En la tribuna norte del estadio Atanasio Girardot, una vez finalizado el partido entre Atlético Nacional y São Paulo que terminó 0–0, hinchas de ambos equipos protagonizaron un violento enfrentamiento. El cordón de seguridad instalado por la Policía Nacional se rompió, lo que permitió que las barras uniformadas intercambiaran puños y patadas. Decenas de seguidores se vieron involucrados mientras la tensión escalaba rápidamente. Debido a la gravedad del hecho, se registraron detenciones y varios fanáticos resultaron heridos, aunque sin reporte de situaciones de vida o muerte. La policía antidisturbios debió intervenir para contener la situación.

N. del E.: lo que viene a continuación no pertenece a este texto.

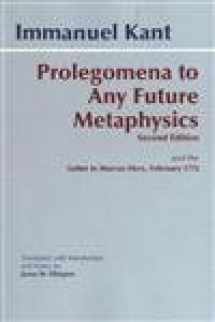 9780872205949-0872205940-Prolegomena to Any Future Metaphysics: and the Letter to Marcus Herz, February 1772 (Hackett Classics)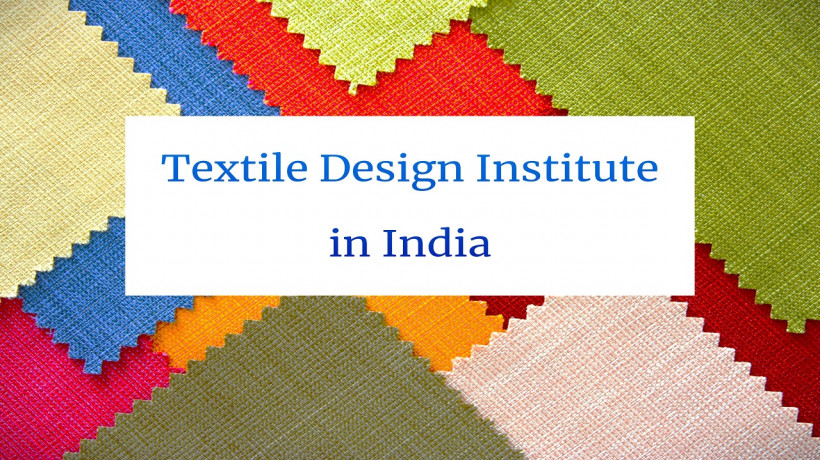 TextileDesignInstituteinIndia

El encuentro deportivo no fue ajeno a la intensidad: La derrota deportiva se mezcló con los animos cuando Edwin Cardona falló dos penaltis, y los remates de Marlos Moreno e Hinestroza golpearon dos veces el poste. Los ánimos de los hinchas ya estaban cargados durante el juego, con provocaciones verbales entre ambas parcialidades, que posteriormente terminaron en el choque físico que empañó la jornada.
Aunque ninguno de los clubes se ha pronunciado oficialmente, el suceso quedó en manos de las autoridades y bajo la lupa de CONMEBOL, que podría aplicar sanciones a Nacional como responsable de la seguridad en su estadio. La serie ahora se define el próximo martes 19 de agosto en Morumbí, pero la violencia vivida en las gradas pone en jaque el llamado fair play y exige respuestas urgentes desde lo institucional.